In this paper, we establish a joint (bivariate) functional central limit theorem of the sample quantile and the $r$-th absolute centred sample moment for functionals of mixing processes. More precisely, we consider $L_2$-near epoch dependent processes that are functionals of either $\phi$-mixing or absolutely regular processes. The general results we obtain can be used for two classes of popular and important processes in applications: The class of augmented GARCH($p$,$q$) processes with independent and identically distributed innovations (including many GARCH variations used in practice) and the class of ARMA($p$,$q$) processes with mixing innovations (including, e.g., ARMA-GARCH processes).

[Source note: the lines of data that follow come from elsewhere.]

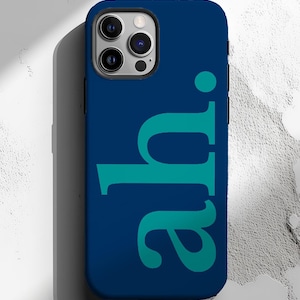 May include: A navy blue phone case with the teal letters "ah." The phone case has a dark blue border and a camera module with three lenses. The case is on a white and gray textured surface.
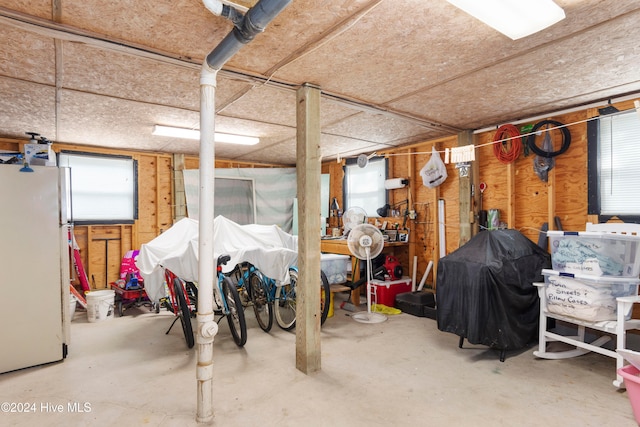 basement with white fridge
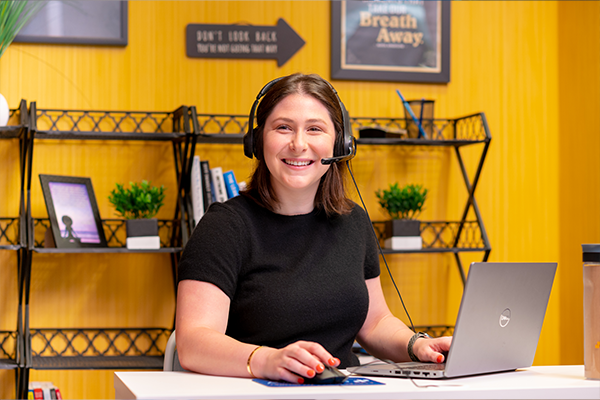 CC-2 woman wearing a headset smiling at camera
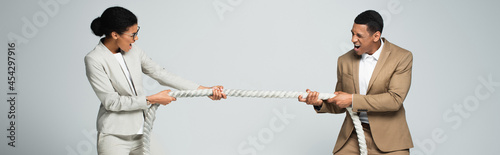 businessman and businesswoman pulling rope isolated on grey, banner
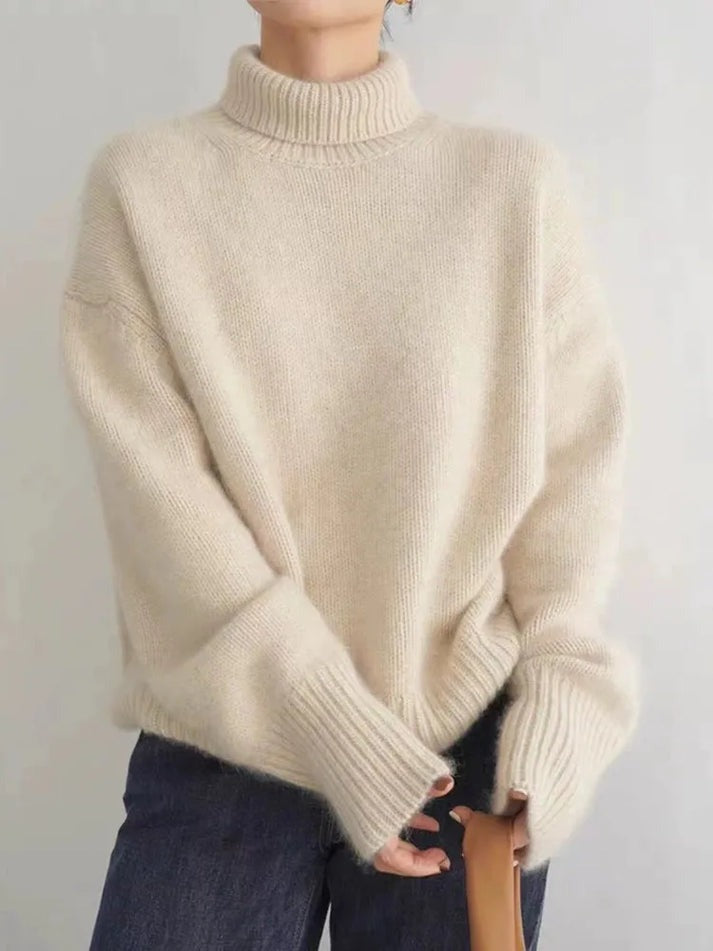 Damski elegancki sweter z golfem, idealny na jesień i zimę. Ciepły i modny, klasyczny styl.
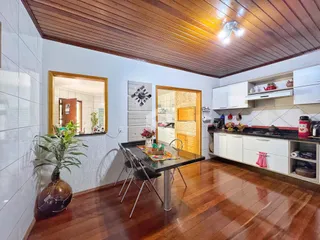Ambiente interno de uma sala de estar com piso de madeira e detalhes em madeira no teto.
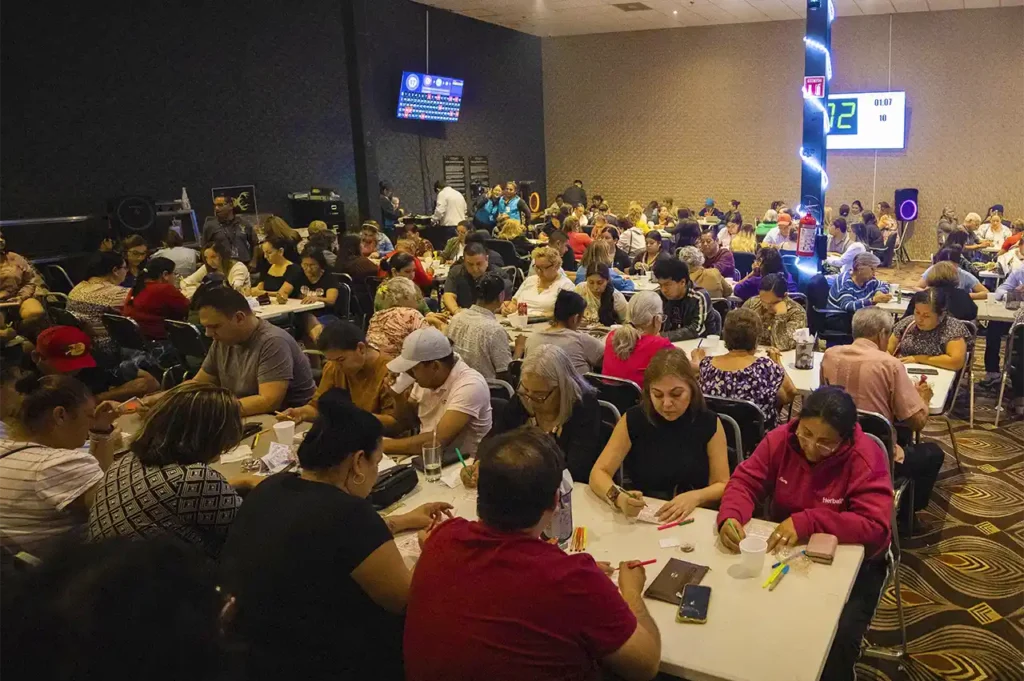 Salón lleno de personas participando en juego de bingo en Casino Centenario.
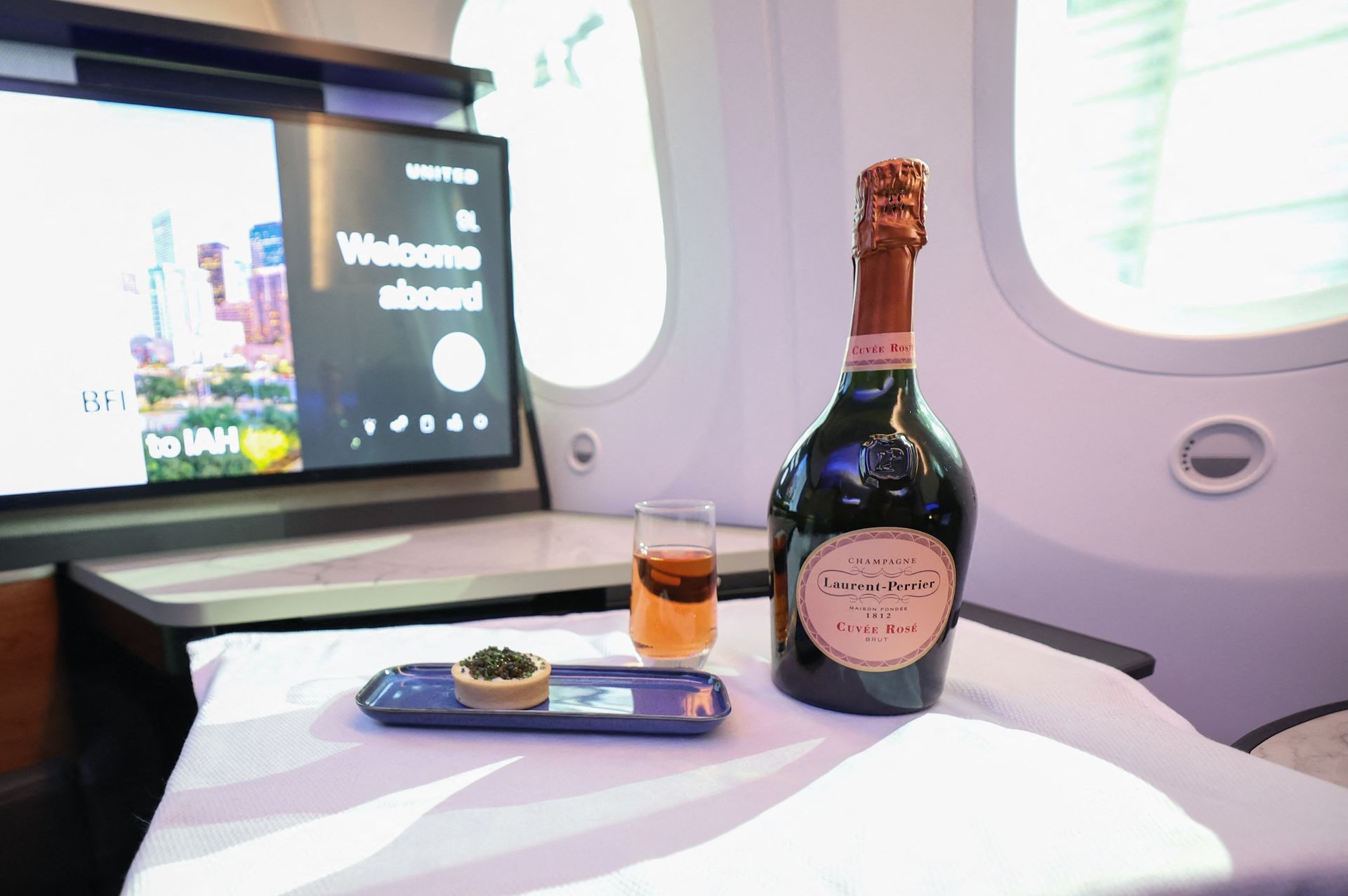 A bottle of Laurent-Perrier rosé Champagne served with caviar in United Airline's new Dreamliners with Elevated Interiors and Studio Polaris seats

For selected examples, we provide exact conditions on the moments and parameters of the process for the joint asymptotics to hold.

翻译：本文针对混合过程泛函，建立了样本分位数与$r$阶绝对中心样本矩的联合（二元）泛函中心极限定理。具体而言，我们考察$L_2$近邻依赖过程，该类过程为$\phi$混合过程或绝对正则过程的泛函。所得一般性结果可应用于两类重要且常用的过程：具有独立同分布新息的增广GARCH($p$,$q$)过程族（涵盖实践中多种GARCH变体），以及具有混合新息的ARMA($p$,$q$)过程族（例如ARMA-GARCH过程）。针对部分典型示例，我们给出了保证联合渐近性成立的矩条件与过程参数的确切条件。